▶ [EXERCISE OBJECTIVE] Set out exactly, and only, the lines running from the one containing "Telugu Bhabhi Pussy" to the bottom of the listing below; pictures stay out.

▶ [DATASET EXTRACT]
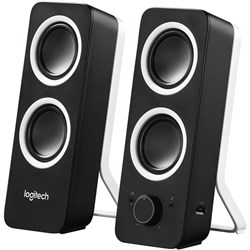 Logitech Z200 2.0 Multimedia Computer Speakers, Set of 2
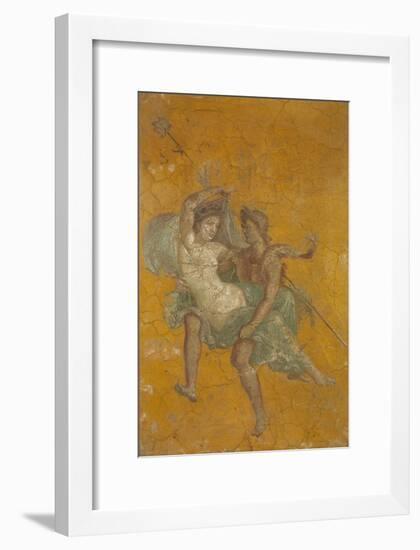 Flying Couple-Unknown-Framed Giclee Print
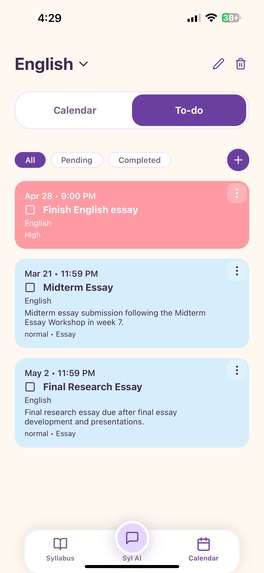 Syllabye – screenshot 4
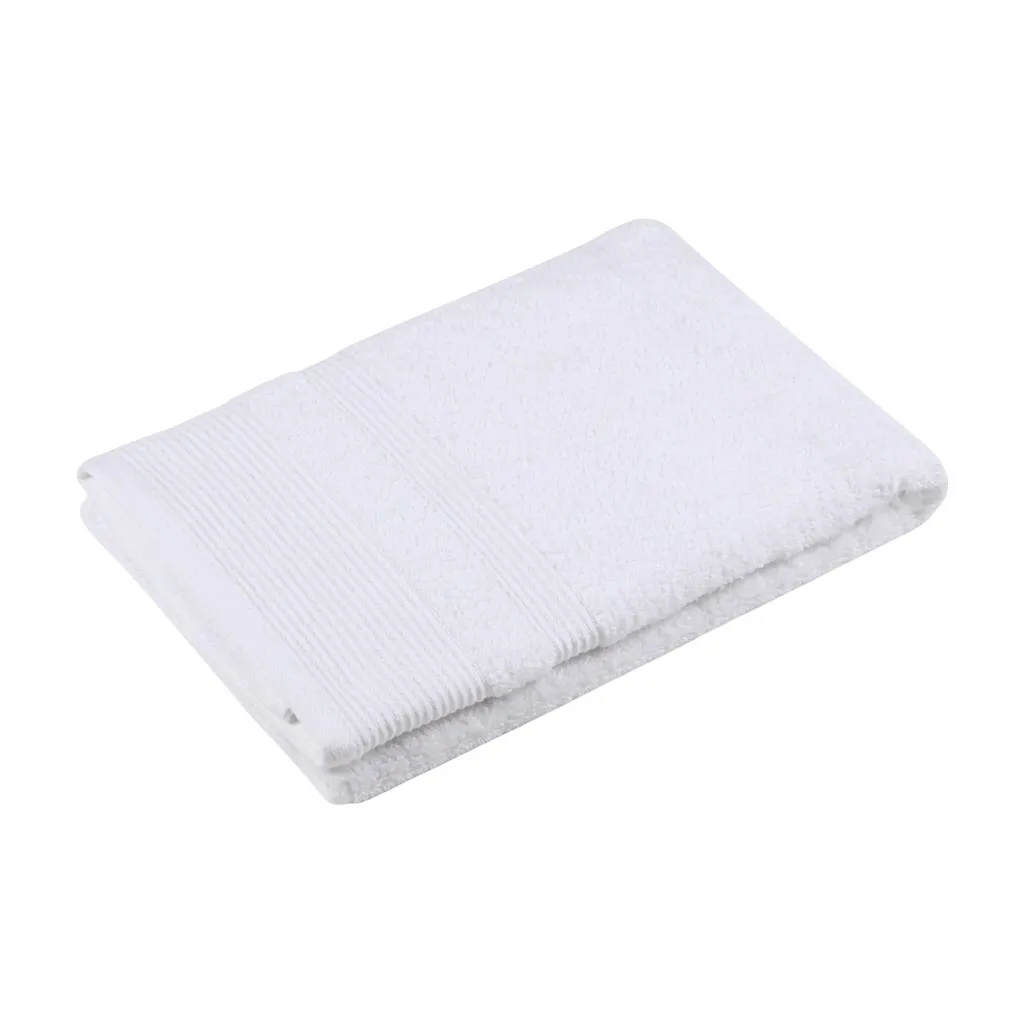 [273806] TOALLA LYLA BLANCO 50X90 B2C289001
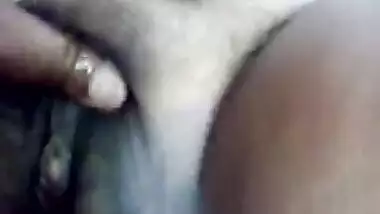 Telugu Bhabhi Pussy Fingerring and Boob Pressing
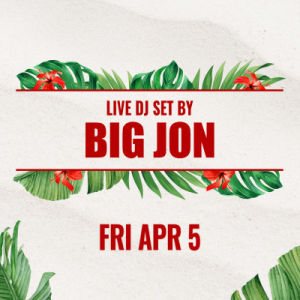 Flyer: Big Jon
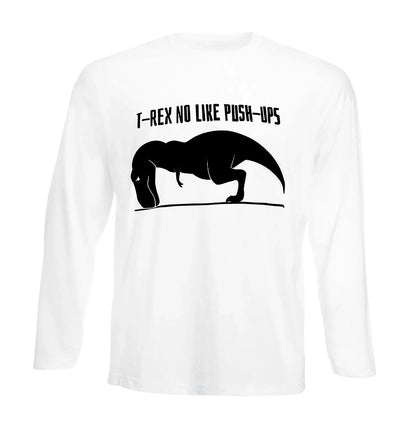 T-REX NO Like  | Men's Long Sleeve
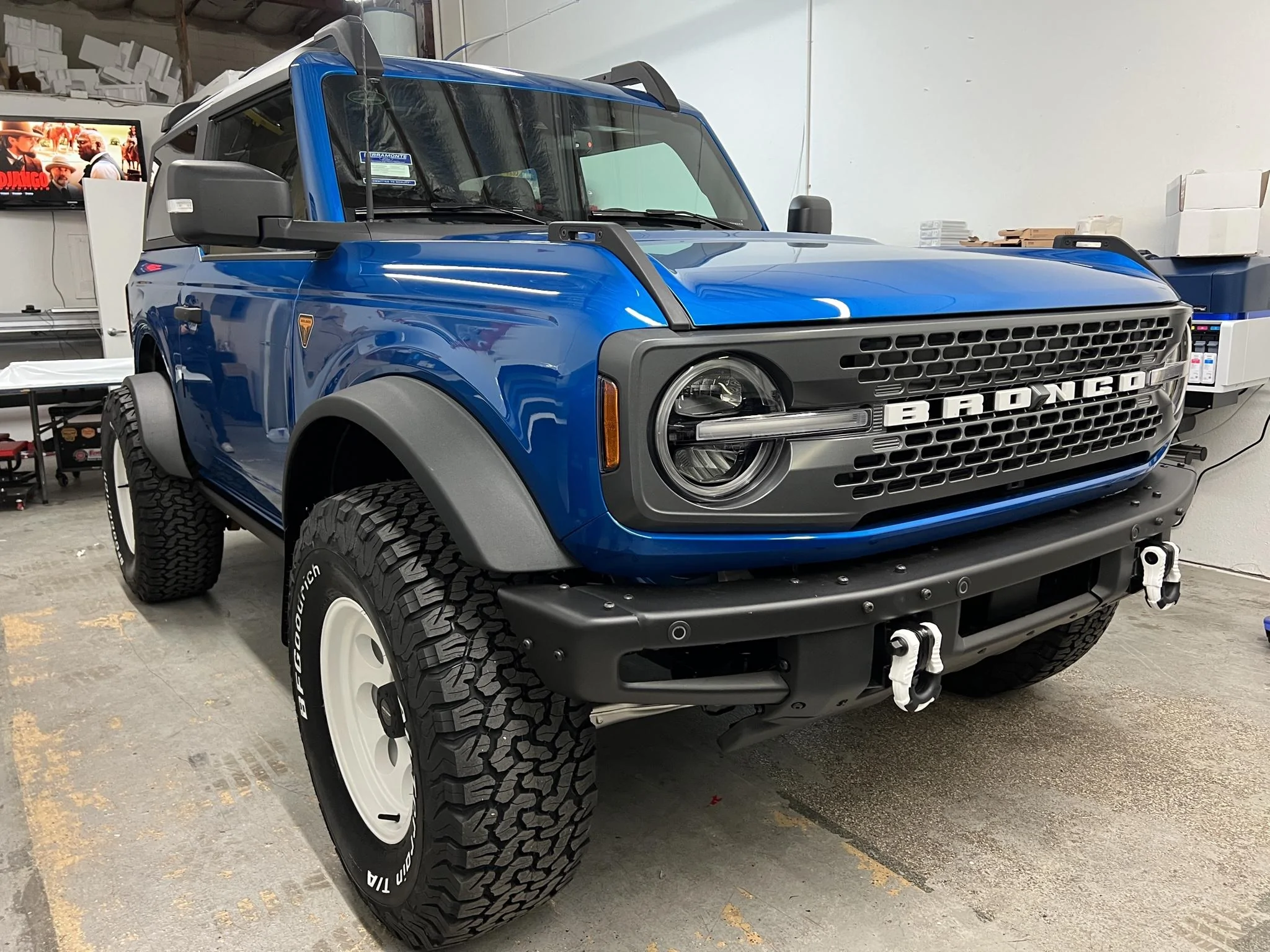 Ford Bronco Bad Blue 2-Door Bronco Badlands Build Journal FBF4AE9E-0A51-4297-9BA2-031BBE9B06EC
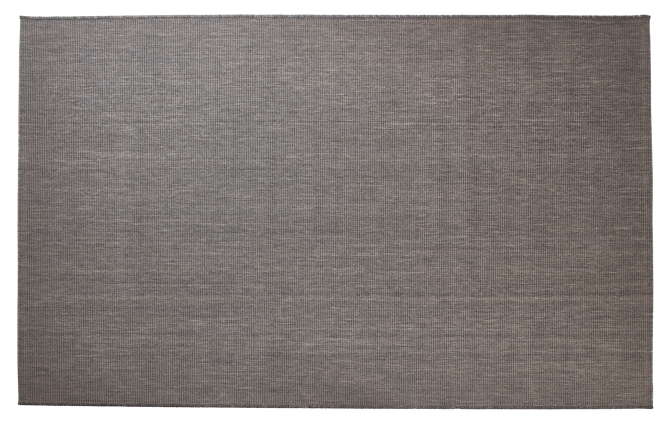 BASIC Alfombra gris An. 160 x L 230 cm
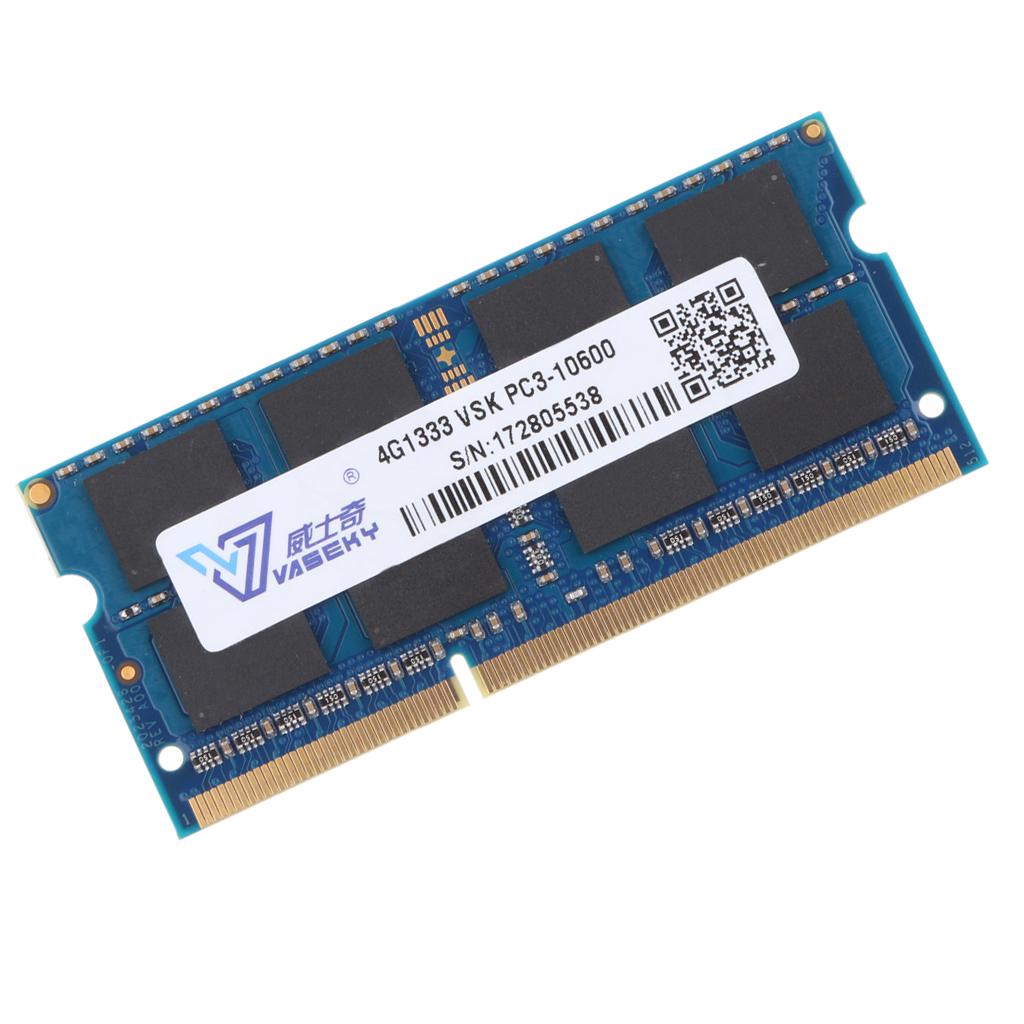 1Piece Memory Ram 4GB DDR3 RAM 1333MHZ Sitck Card for Laptop/PC/Computer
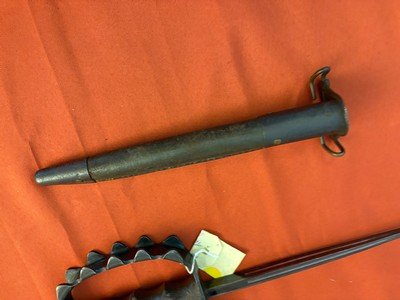 WWI AC CO. USA 1917 TRENCH FIGHTING KNIFE DATED 1917 - Image 11 of 18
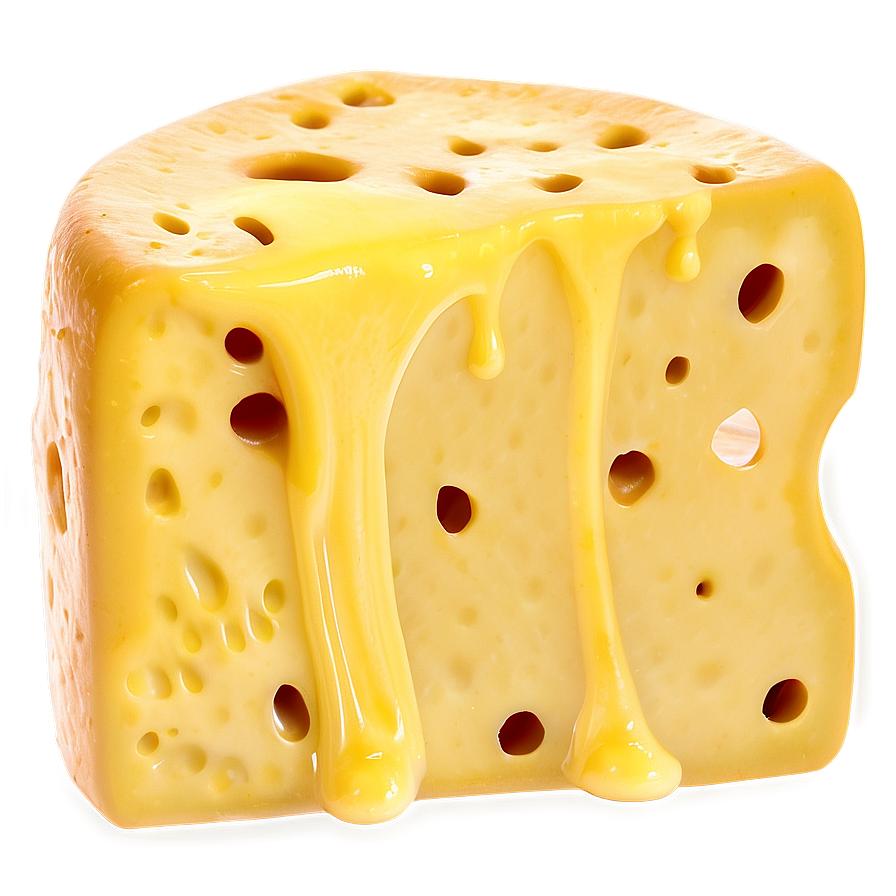 Melted Swiss Cheese Png Dde PNG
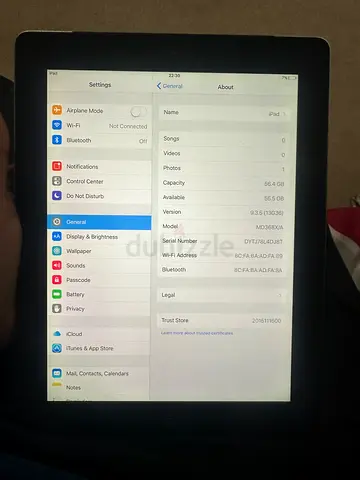 Apple iPad 3rd Gen 32GB Wi-Fi — Good Working Condition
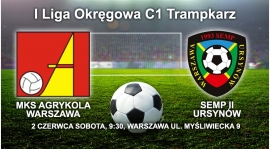 XII kolejka I liga okręgowa C1 Trampkarzy RW - powołania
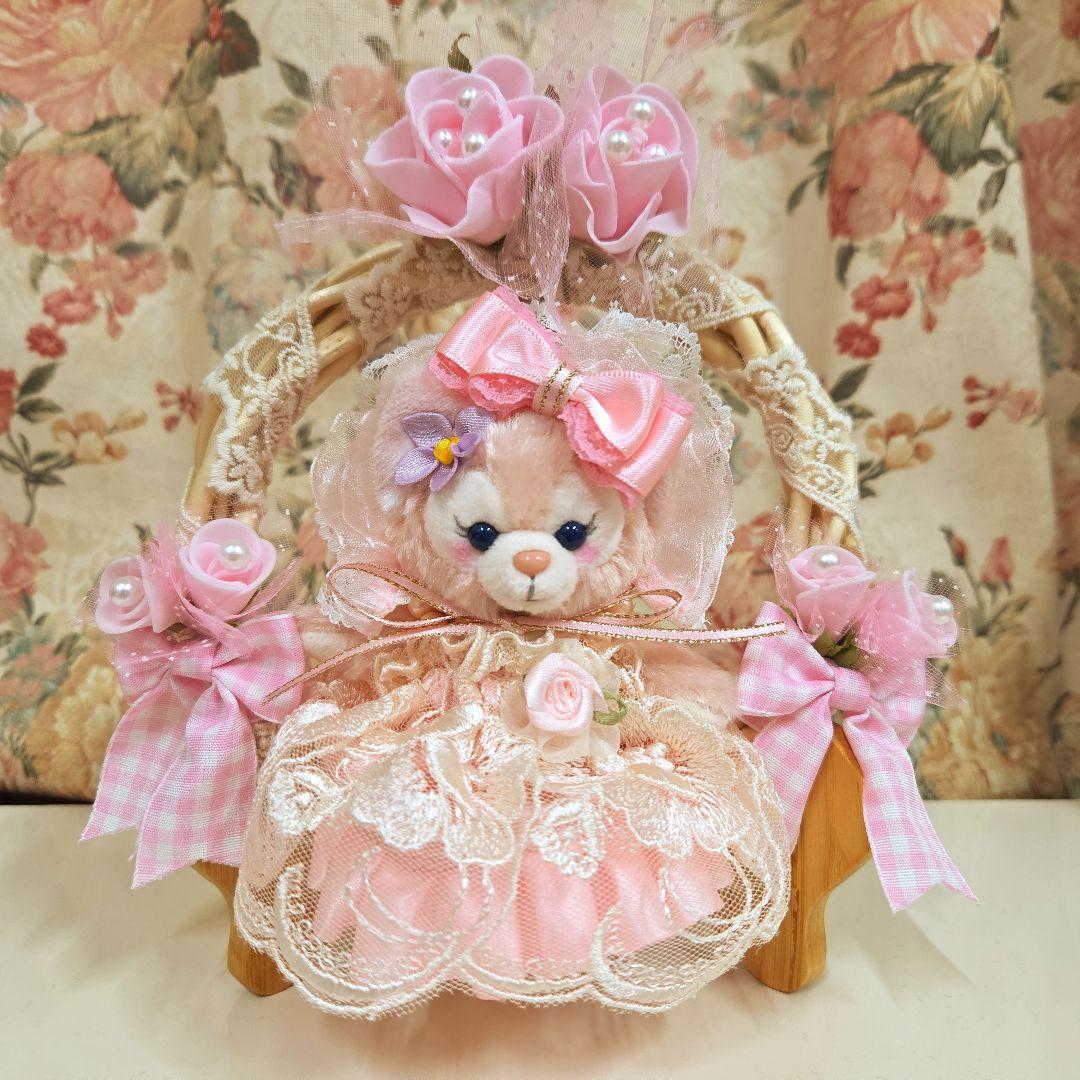 リーナベル　ハンドメイドコスチューム　リース　ぬいぐるみバッチ　ストラップ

▶ [PROBLEM SOLUTION]
 Telugu Bhabhi Pussy Fingerring and Boob Pressing
 Flyer: Big Jon
 T-REX NO Like  | Men's Long Sleeve
 Ford Bronco Bad Blue 2-Door Bronco Badlands Build Journal FBF4AE9E-0A51-4297-9BA2-031BBE9B06EC
 BASIC Alfombra gris An. 160 x L 230 cm
 1Piece Memory Ram 4GB DDR3 RAM 1333MHZ Sitck Card for Laptop/PC/Computer
 WWI AC CO. USA 1917 TRENCH FIGHTING KNIFE DATED 1917 - Image 11 of 18
 Melted Swiss Cheese Png Dde PNG
 Apple iPad 3rd Gen 32GB Wi-Fi — Good Working Condition
 XII kolejka I liga okręgowa C1 Trampkarzy RW - powołania
 リーナベル　ハンドメイドコスチューム　リース　ぬいぐるみバッチ　ストラップ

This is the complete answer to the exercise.